- [Data extract]

--------

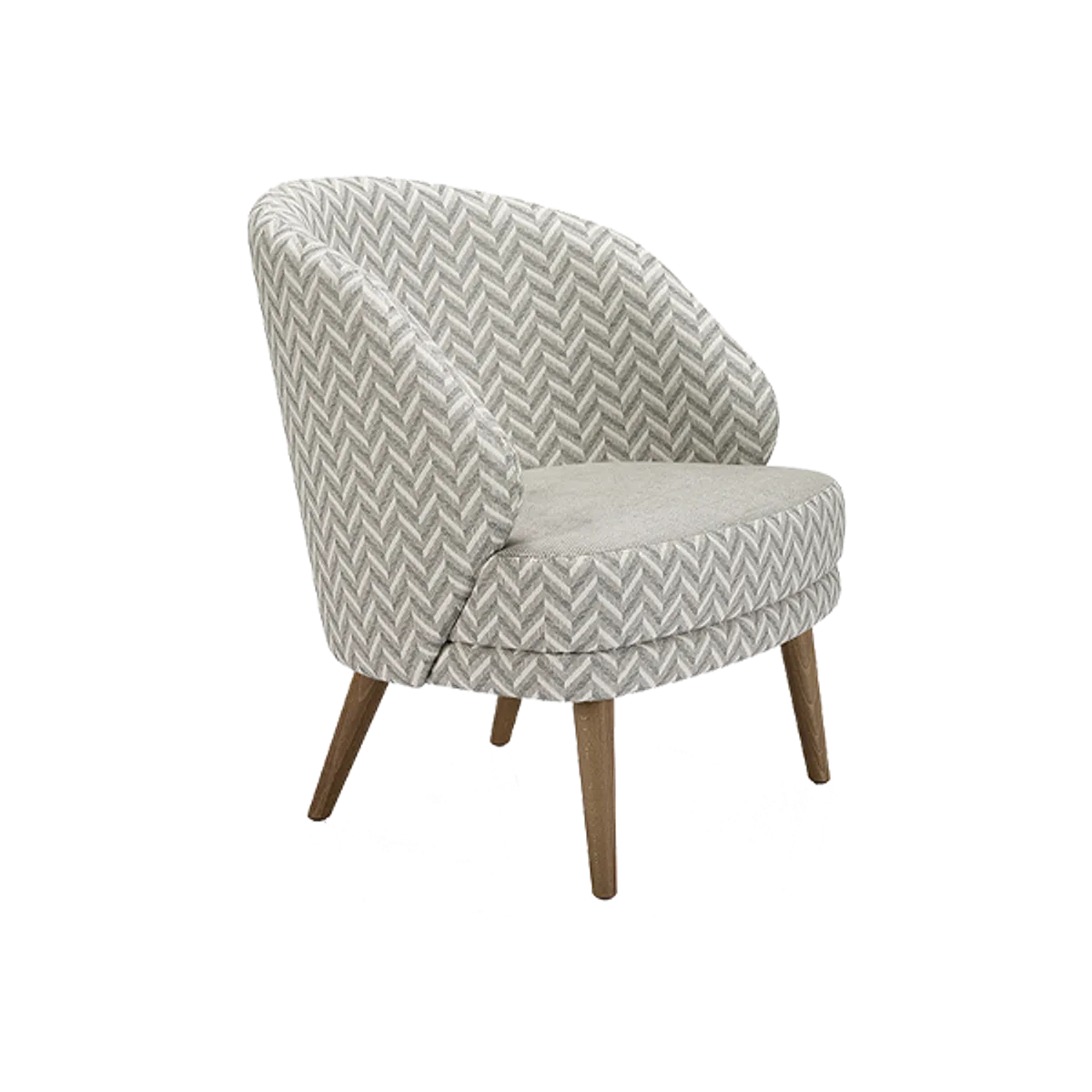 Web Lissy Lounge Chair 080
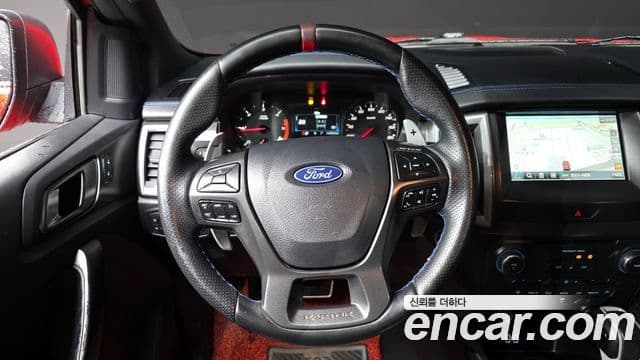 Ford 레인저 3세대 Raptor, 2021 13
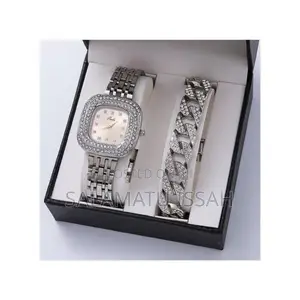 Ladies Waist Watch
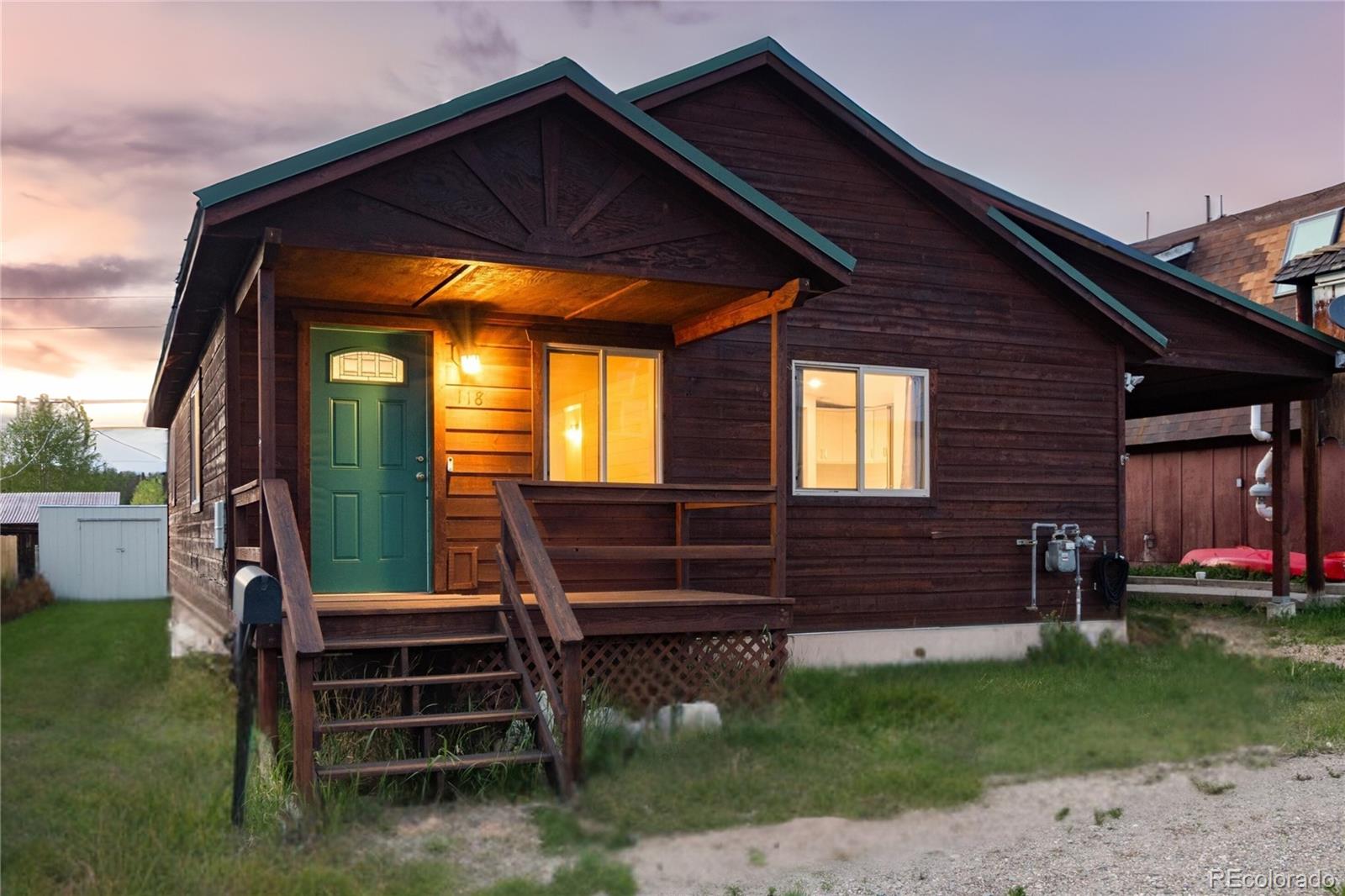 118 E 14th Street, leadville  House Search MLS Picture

--------

The output is the data above, repeated exactly, with pictures omitted.

 Web Lissy Lounge Chair 080
 Ford 레인저 3세대 Raptor, 2021 13
 Ladies Waist Watch
 118 E 14th Street, leadville  House Search MLS Picture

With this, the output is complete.